Grace is a census-designated place and unincorporated community in Issaquena County, Mississippi, United States. It is located several miles northeast of Mayersville.

Grace has a post office with the ZIP code 38745.

Per the 2020 Census, the population was 77.

==History==
Grace is located on the former Yazoo and Mississippi Valley Railroad. In 1910, Grace was home to five general stores, a grocery store, a blacksmith, and a drug store.
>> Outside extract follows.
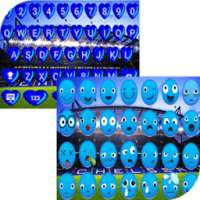 Chelsea Keyboard Emoji on 9Apps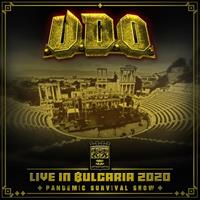 Soulfood Music Distribution Gm / AFM Records Live In Bulgaria 2020-Pandemic Survival Show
Grace Mounds, which are listed on the Mississippi Mound Trail, are located near Grace.

==Demographics==

Grace was first listed as a census designated place in the 2020 U.S. census.

Historical population
| Census | Pop. | Note | %± |
| 2020 | 77 |  | — |
U.S. Decennial Census 2020

===2020 census===

Grace CDP, Mississippi – Racial and ethnic composition Note: the US Census treats Hispanic/Latino as an ethnic category. This table excludes Latinos from the racial categories and assigns them to a separate category. Hispanics/Latinos may be of any race.
| Race / Ethnicity (NH = Non-Hispanic) | Pop 2020 | % 2020 |
|---|---|---|
| White alone (NH) | 18 | 23.38% |
| Black or African American alone (NH) | 56 | 72.73% |
| Native American or Alaska Native alone (NH) | 0 | 0.00% |
| Asian alone (NH) | 1 | 1.30% |
| Native Hawaiian or Pacific Islander alone (NH) | 0 | 0.00% |
| Other race alone (NH) | 0 | 0.00% |
| Mixed race or Multiracial (NH) | 1 | 1.30% |
| Hispanic or Latino (any race) | 1 | 1.30% |
| Total | 77 | 100.00% |

==Climate==
The climate in this area is characterized by relatively high temperatures and evenly distributed precipitation throughout the year. According to the Köppen Climate Classification system, Grace has a Humid subtropical climate, abbreviated "Cfa" on climate maps.

==Education==
Most of Grace is in the South Delta School District (which operates South Delta High School) while some is in the Western Line School District.